(Beginning of Records for the task)
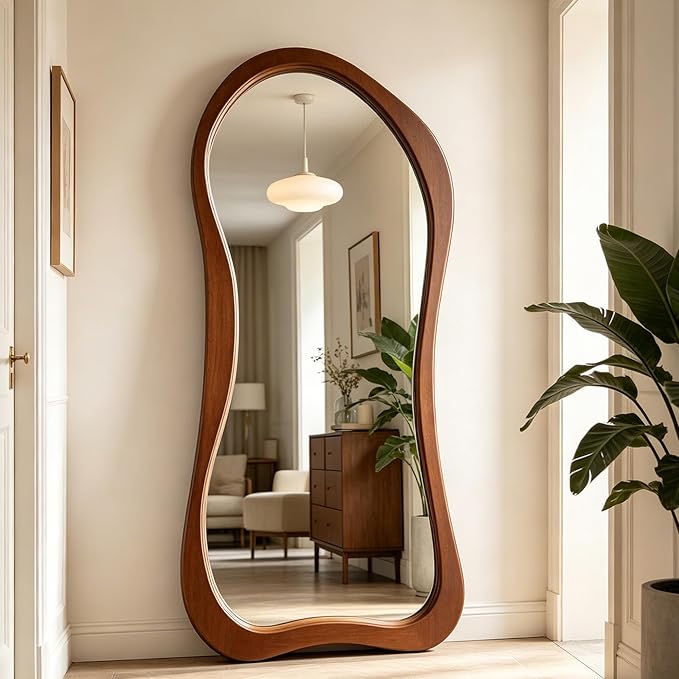 Large Irregular Mirror, 63"x30" Organic Floor Mirror with Solid Wood Frame, Asymmetrical Aesthetic Mirrors for Living Room Entryway Hallway Bedroom Cloakroom, Leaning/Wall-Mounted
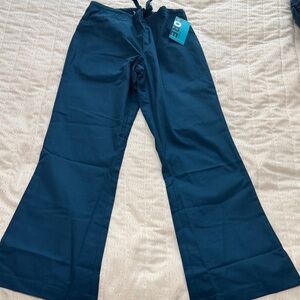 Women’s Petite Blue Flared Scrub Pants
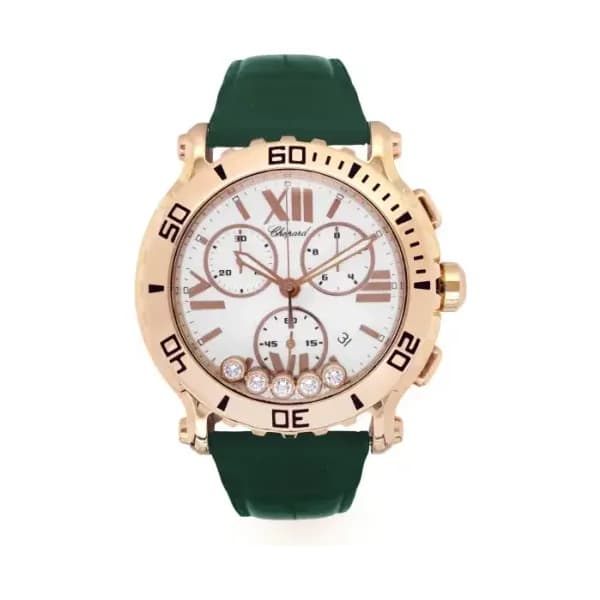 Daniel Gérard Montre Occasion Chopard Happy Sport Or Rose 5 Diamants Mobiles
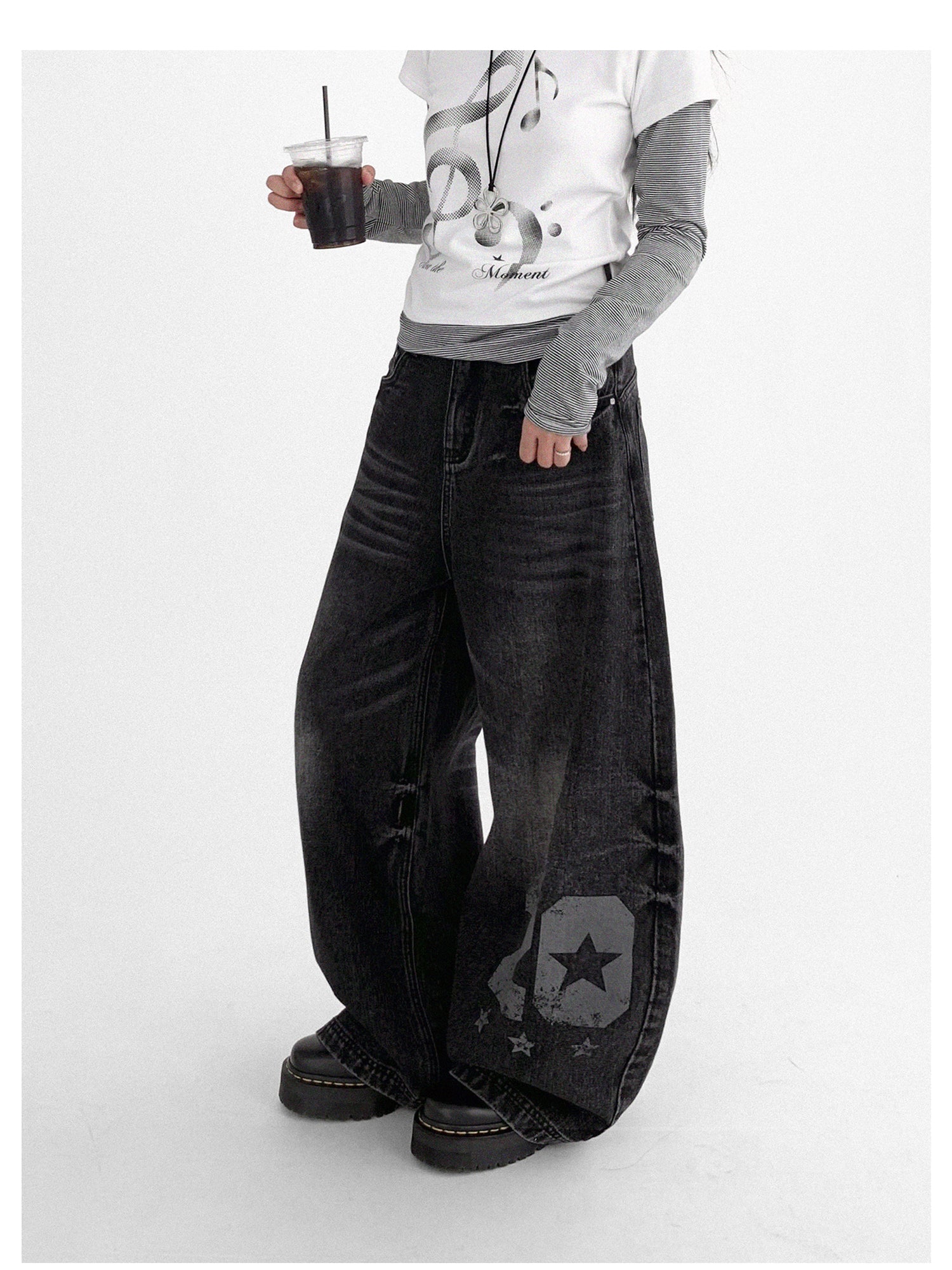 innomoood Vintage Washed Y2K Distressed Print Cargo Trousers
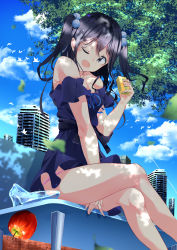 Rule 34 | 1girl, ;d, absurdres, apple, bare shoulders, between legs, black hair, blue dress, blue eyes, blue ribbon, blue sky, building, cloud, commentary request, day, dress, feet out of frame, food, fruit, glass slipper, hair ornament, hand between legs, hand up, highres, holding, off-shoulder dress, off shoulder, one eye closed, open mouth, original, outdoors, pom pom (clothes), ribbon, scenery, short sleeves, sitting, sky, smile, solo, twintails, underwear, yro (user hwfa3732)
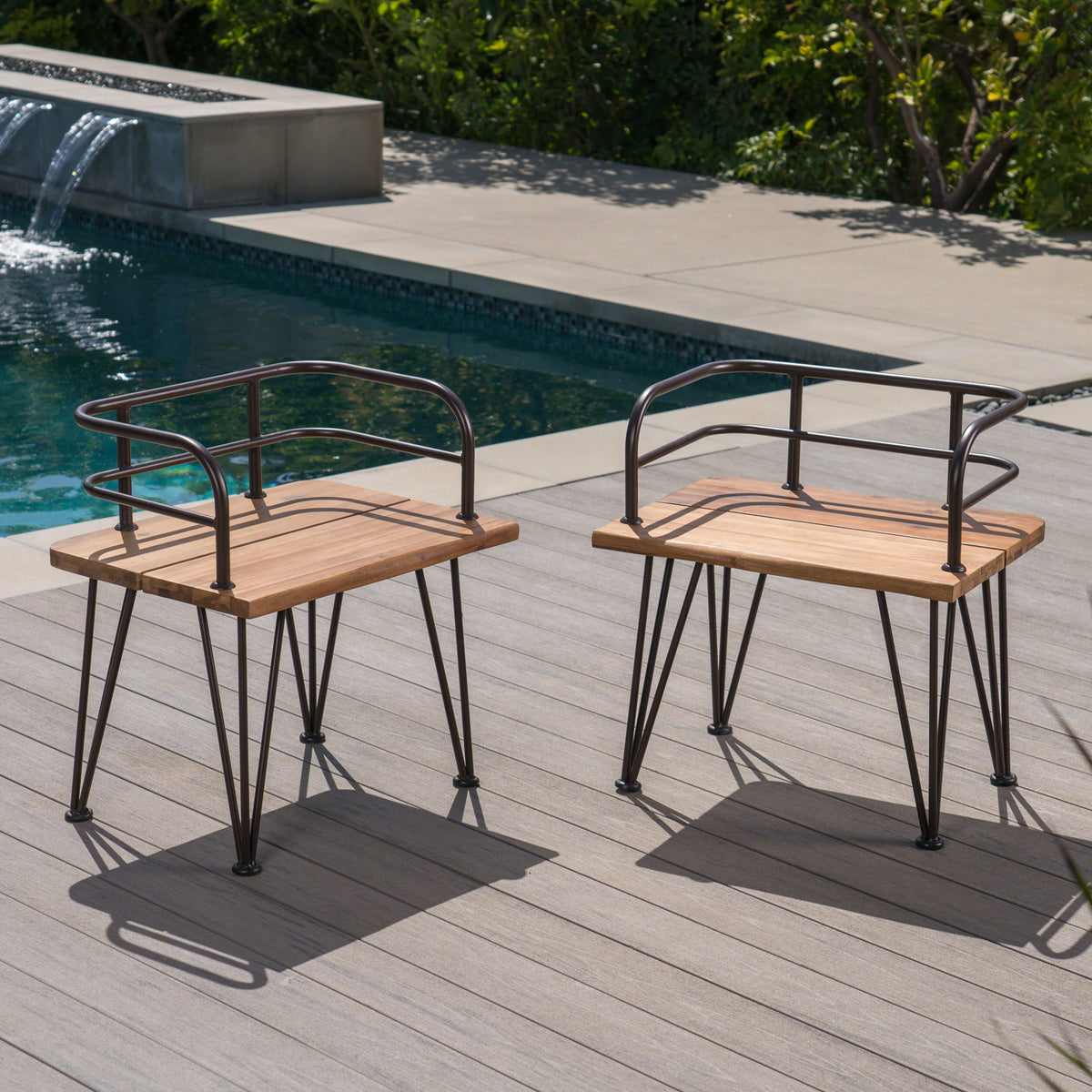 Zion Industrial Wood And Metal Chair Teak Metal & Wood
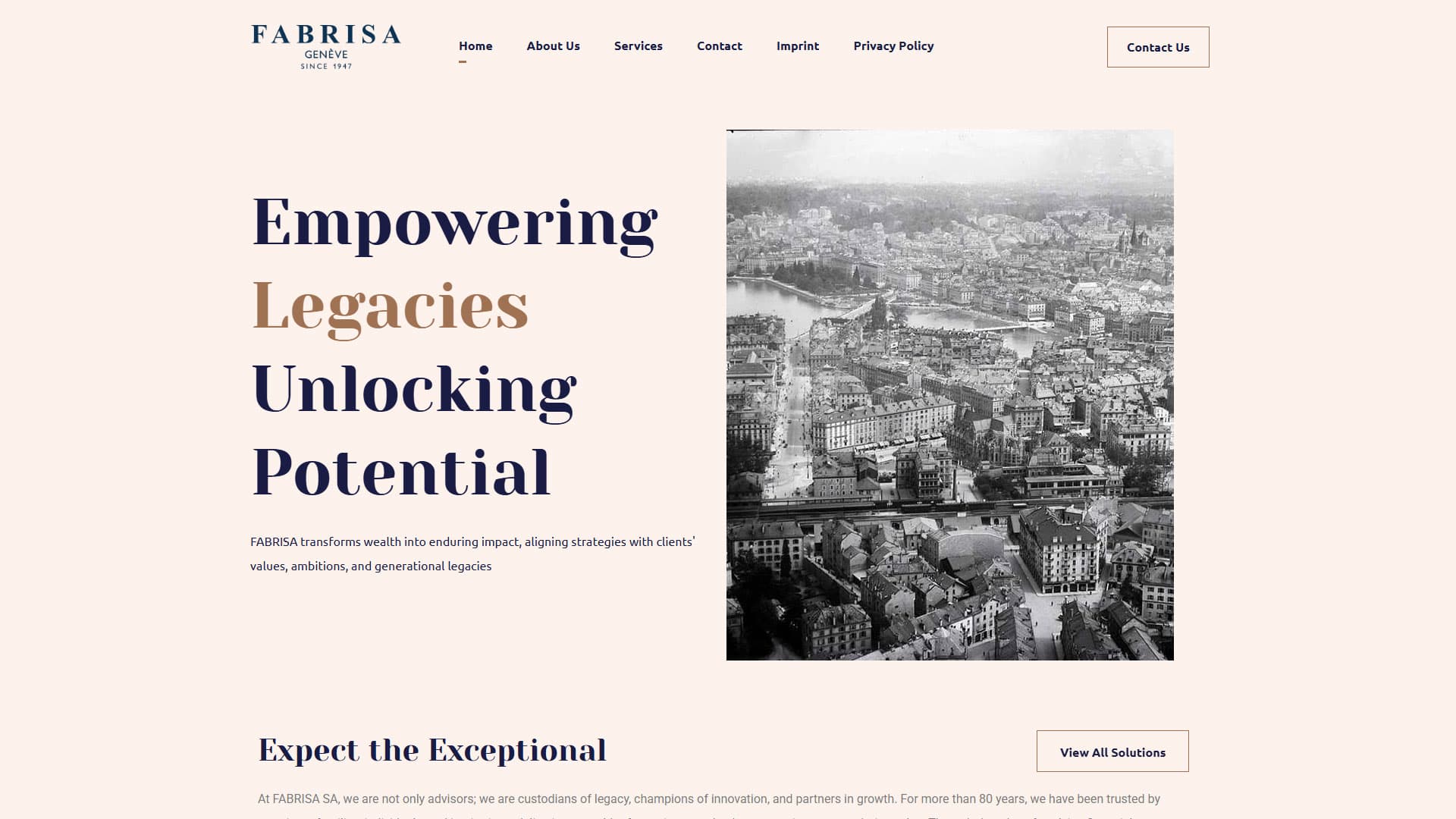 FABRISA SA Private Wealth & Advisory Web Presence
(End of Records for the task)
With every picture removed, give the entries above again exactly.

→ **Written reply**
 Large Irregular Mirror, 63"x30" Organic Floor Mirror with Solid Wood Frame, Asymmetrical Aesthetic Mirrors for Living Room Entryway Hallway Bedroom Cloakroom, Leaning/Wall-Mounted
 Women’s Petite Blue Flared Scrub Pants
 Daniel Gérard Montre Occasion Chopard Happy Sport Or Rose 5 Diamants Mobiles
 innomoood Vintage Washed Y2K Distressed Print Cargo Trousers
 Rule 34 | 1girl, ;d, absurdres, apple, bare shoulders, between legs, black hair, blue dress, blue eyes, blue ribbon, blue sky, building, cloud, commentary request, day, dress, feet out of frame, food, fruit, glass slipper, hair ornament, hand between legs, hand up, highres, holding, off-shoulder dress, off shoulder, one eye closed, open mouth, original, outdoors, pom pom (clothes), ribbon, scenery, short sleeves, sitting, sky, smile, solo, twintails, underwear, yro (user hwfa3732)
 Zion Industrial Wood And Metal Chair Teak Metal & Wood
 FABRISA SA Private Wealth & Advisory Web Presence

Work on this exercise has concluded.